Your whole comment assumes language identification is both trivial and fail-safe. It is neither and it can get worse if you consider e.g. cases where the page has different elements in different languages, different languages that are similar.

Even if language identification was very simple, you're still putting the burden on the user's tools to identify something the writer already knew.

Language detection (where “language”== one of the 200 languages that are actually used), IS trivial, given a paragraph of text.

And the fact is that the author of the web page doesn’t know the language of the content, if there’s anything user contributed. Should you have to label every comment on HN as “English”? That’s a huge burden on literally every internet user. Other written language has never specified its language. Imposing data-entry requirements on humans to satisfy a computer is never the ideal solution.

> 200 languages that are actually used

Do you have any reference of that or are you implying we shouldn't support the other thousands[0] of languages in use just because they don't have a big enough user base?

> And the fact is that the author of the web page doesn’t know the language of the content, if there’s anything user contributed. Should you have to label every comment on HN as “English”? That’s a huge burden on literally every internet user.

In the case of Hacker News or other pages with user submitted and multi-language content, you can just mark the comments' lang attribute to the empty string, which means unknown and falls back to detection. Alternatively, it's possible to let the user select the language (defaulting to their last used or an auto-detected one), Mastodon and BlueSky do that. For single language forums and sites with no user-generated content, it's fine to leave everything as the site language.

> Other written language has never specified its language. Imposing data-entry requirements on humans to satisfy a computer is never the ideal solution.

There's also no "screen reader" nor "auto translation" in other written language.
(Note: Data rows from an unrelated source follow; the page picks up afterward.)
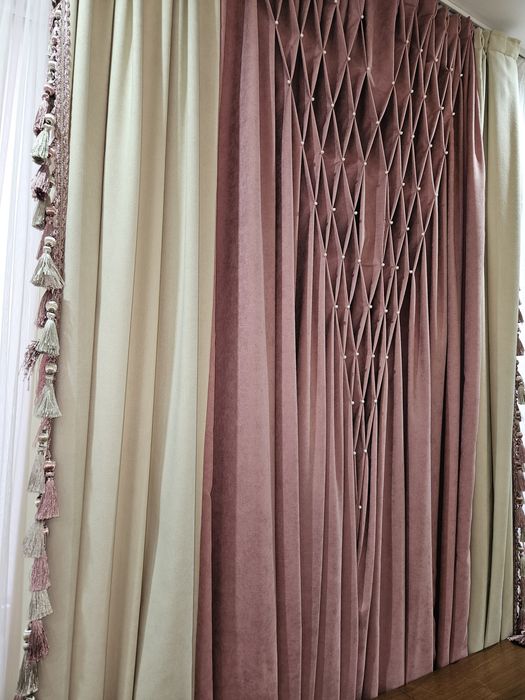 Продаю штор, и тюль.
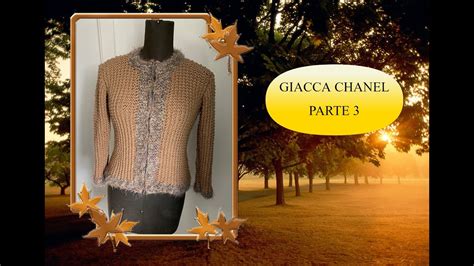 chanel giacca ferri|TUTORIAL GIACCA CHANEL PASSO PASSO .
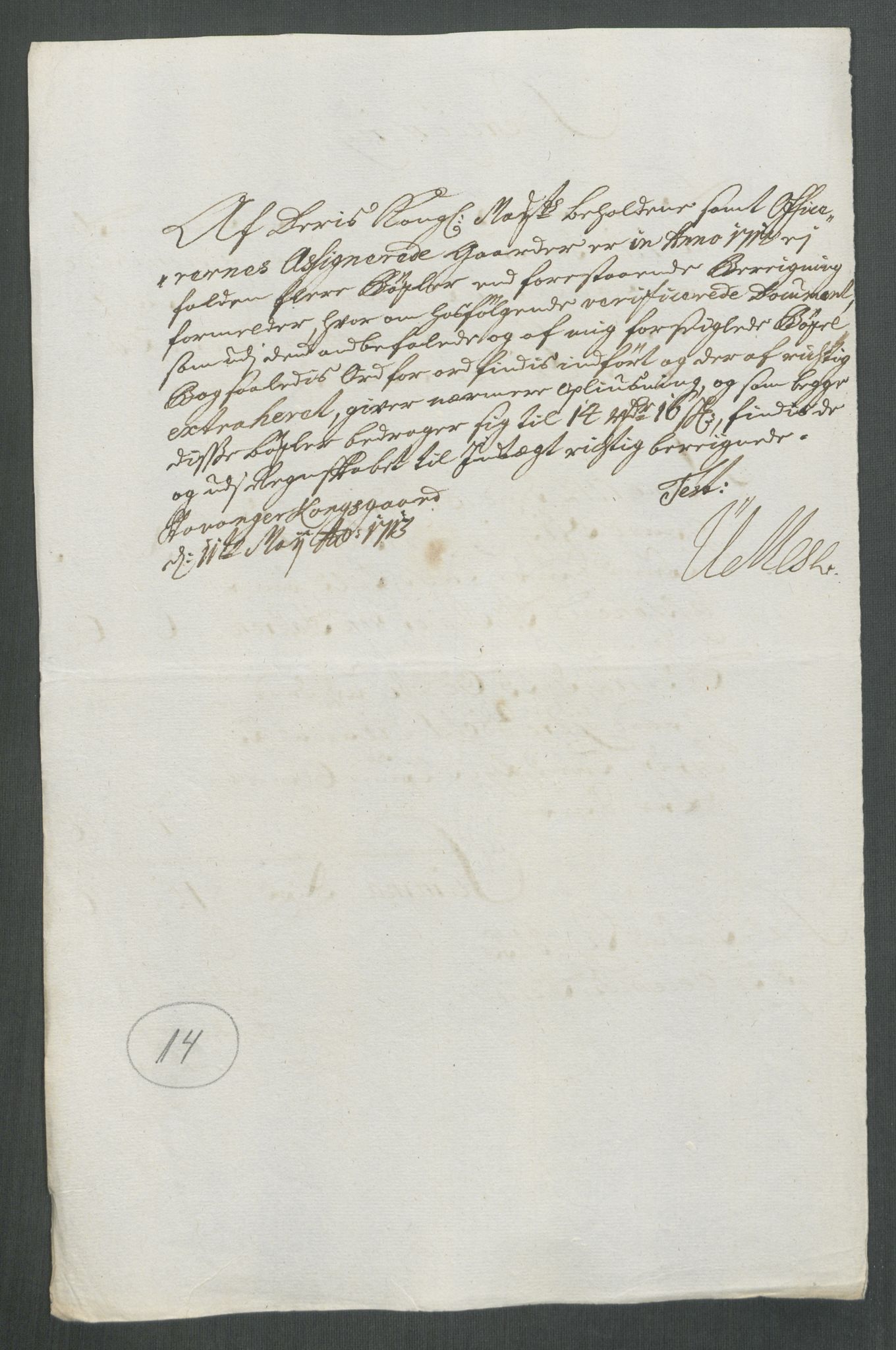 Rentekammeret inntil 1814, Reviderte regnskaper, Fogderegnskap, AV/RA-EA-4092/R47/L2865: Fogderegnskap Ryfylke, 1712, p. 202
Setting the content language helps to improve accessibility features that do not exist without computers.

[0] https://www.ethnologue.com/insights/how-many-languages/

I wish this comment was true, but due to a foolish attempt to squish all human charactets to 2 bytes as UCS (that failed and turned into the ugly UTF-16 mess), a disaster called Han Unification was unleashed upon the world, and now out-of-band communication is required to render the correct Han characters in a page and not offend people.